Fill message, for example:
"
A security error CVE-2015-3935 was reported for Dolibarr ERP CRM package. This bug is fixed into official package 3.5.7 of Dolibarr.
Package 3.5.7 is a maintenance release compared to 3.5.5 and contains only fixes. But not only bugs reported to debian, it includes also other fixes (but they are all related to stability or security).
I think it is a better solution to validate this maintenance release based on the new upstream version of Dolibarr than applying a patch of the only CVE-2015-3935.
Pro are:
- It fixes all debian reported bugs (including security one)
- It fixes also stability bugs
- Patches were already tested because deployed and used by several thousands of users.
- It is easier for package maintener to include this official set of fixes than applying one patch after one patch for each debian report or backported each patch into a dedicated version.
- Debian maintenance version is inline with official project maintenance version (better when all fixes are not related to the way the software is packaged)
Cons are: 
- The patch include more than the only one security reported fixes

So I just need to know if it's ok to push such a version 3.5.7 (fixes for 3.5.* branch) instead of only one fix for only the few (the only) reported debian bugs,
since it provides more stability and is for me a more secured process.
"

##### Send an request to ask a simple fix of a stable package 

Use this to ask to apply patches on a stable version.

reportbug -B debian --smtphost=smtp.gmail.com:587 --smtpuser=xxxx --smtppasswd=yyyy --tls
Choose package "release.debian.org"
Then usertag "jessie-pu" (if tags is not available in list, choose another one, and change it later into email content text)
Then name of package "dolibarr"
Fill message, for example:
"Please unblock package dolibarr
A security error CVE-2015-3935 was reported and is fixed into package 3.5.7.
Note that package 3.5.7 contains not only fixed for bugs reported to debian.

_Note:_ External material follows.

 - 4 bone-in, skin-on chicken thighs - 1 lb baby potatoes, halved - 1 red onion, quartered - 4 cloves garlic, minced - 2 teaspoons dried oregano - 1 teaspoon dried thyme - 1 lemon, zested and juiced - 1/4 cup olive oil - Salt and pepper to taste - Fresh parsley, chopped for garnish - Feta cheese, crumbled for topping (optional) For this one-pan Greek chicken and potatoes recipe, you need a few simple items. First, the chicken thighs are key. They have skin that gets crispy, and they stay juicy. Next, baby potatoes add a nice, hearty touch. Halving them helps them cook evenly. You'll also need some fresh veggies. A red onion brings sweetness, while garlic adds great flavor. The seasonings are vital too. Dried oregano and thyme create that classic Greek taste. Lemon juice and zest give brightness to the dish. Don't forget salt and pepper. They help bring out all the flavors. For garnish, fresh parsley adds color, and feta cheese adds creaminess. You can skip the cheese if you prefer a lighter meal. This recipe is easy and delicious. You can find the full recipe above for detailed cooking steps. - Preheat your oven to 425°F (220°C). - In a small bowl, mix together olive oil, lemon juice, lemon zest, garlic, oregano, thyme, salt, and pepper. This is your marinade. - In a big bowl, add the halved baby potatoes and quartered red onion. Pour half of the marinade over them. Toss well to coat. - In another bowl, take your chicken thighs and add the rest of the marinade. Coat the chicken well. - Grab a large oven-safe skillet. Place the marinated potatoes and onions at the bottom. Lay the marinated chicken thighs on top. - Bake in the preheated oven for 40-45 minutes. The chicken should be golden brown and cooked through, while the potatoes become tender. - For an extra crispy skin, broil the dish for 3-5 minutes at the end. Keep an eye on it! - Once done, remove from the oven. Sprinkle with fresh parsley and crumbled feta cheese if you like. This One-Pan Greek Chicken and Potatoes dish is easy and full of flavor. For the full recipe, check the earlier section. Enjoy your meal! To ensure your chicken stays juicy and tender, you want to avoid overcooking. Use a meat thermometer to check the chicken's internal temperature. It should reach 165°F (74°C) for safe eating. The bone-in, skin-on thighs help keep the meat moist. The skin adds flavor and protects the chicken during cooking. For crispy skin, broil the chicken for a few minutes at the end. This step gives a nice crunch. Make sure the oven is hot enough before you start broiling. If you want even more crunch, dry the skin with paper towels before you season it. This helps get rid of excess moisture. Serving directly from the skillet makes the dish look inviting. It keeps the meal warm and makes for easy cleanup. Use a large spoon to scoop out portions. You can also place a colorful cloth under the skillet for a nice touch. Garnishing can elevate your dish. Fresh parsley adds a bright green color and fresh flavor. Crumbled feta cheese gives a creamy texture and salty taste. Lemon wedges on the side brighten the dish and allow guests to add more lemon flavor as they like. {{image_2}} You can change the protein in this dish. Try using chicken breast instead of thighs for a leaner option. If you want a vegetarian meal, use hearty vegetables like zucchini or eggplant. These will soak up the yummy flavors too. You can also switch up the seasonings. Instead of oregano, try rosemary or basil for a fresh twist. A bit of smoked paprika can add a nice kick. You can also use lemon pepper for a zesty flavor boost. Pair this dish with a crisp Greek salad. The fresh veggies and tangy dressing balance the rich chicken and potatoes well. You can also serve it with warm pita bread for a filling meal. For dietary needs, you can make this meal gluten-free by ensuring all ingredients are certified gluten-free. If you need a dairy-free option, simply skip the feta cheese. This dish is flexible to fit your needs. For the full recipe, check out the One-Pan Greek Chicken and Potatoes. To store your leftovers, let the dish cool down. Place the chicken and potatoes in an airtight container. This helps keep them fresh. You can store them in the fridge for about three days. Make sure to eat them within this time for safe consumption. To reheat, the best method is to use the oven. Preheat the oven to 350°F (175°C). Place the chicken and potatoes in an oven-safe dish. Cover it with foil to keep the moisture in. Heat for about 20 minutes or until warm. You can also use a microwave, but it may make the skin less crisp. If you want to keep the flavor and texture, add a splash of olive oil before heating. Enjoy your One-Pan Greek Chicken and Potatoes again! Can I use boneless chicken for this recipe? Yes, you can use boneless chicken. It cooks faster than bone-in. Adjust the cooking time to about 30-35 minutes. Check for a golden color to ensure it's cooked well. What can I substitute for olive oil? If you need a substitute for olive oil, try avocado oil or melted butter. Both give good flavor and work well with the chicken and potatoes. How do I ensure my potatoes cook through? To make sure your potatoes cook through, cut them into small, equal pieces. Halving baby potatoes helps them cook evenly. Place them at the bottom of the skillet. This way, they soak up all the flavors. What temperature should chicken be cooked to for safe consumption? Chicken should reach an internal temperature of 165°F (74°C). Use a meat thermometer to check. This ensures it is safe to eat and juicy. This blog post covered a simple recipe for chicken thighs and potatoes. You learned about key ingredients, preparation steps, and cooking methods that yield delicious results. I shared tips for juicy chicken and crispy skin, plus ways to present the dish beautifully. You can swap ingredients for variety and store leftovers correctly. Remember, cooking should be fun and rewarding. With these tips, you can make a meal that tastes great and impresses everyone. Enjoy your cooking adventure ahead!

It includes other fixes, but they are all related to stability or security,
so it is a better solution to validate this maintenance release than applying a patch of the only CVE-2015-3935. 
After discussion with ..., it appears that security holes are enough to request this unblock request."

Note: If there is a response to ask more information, don't forget to remove the tag during answer.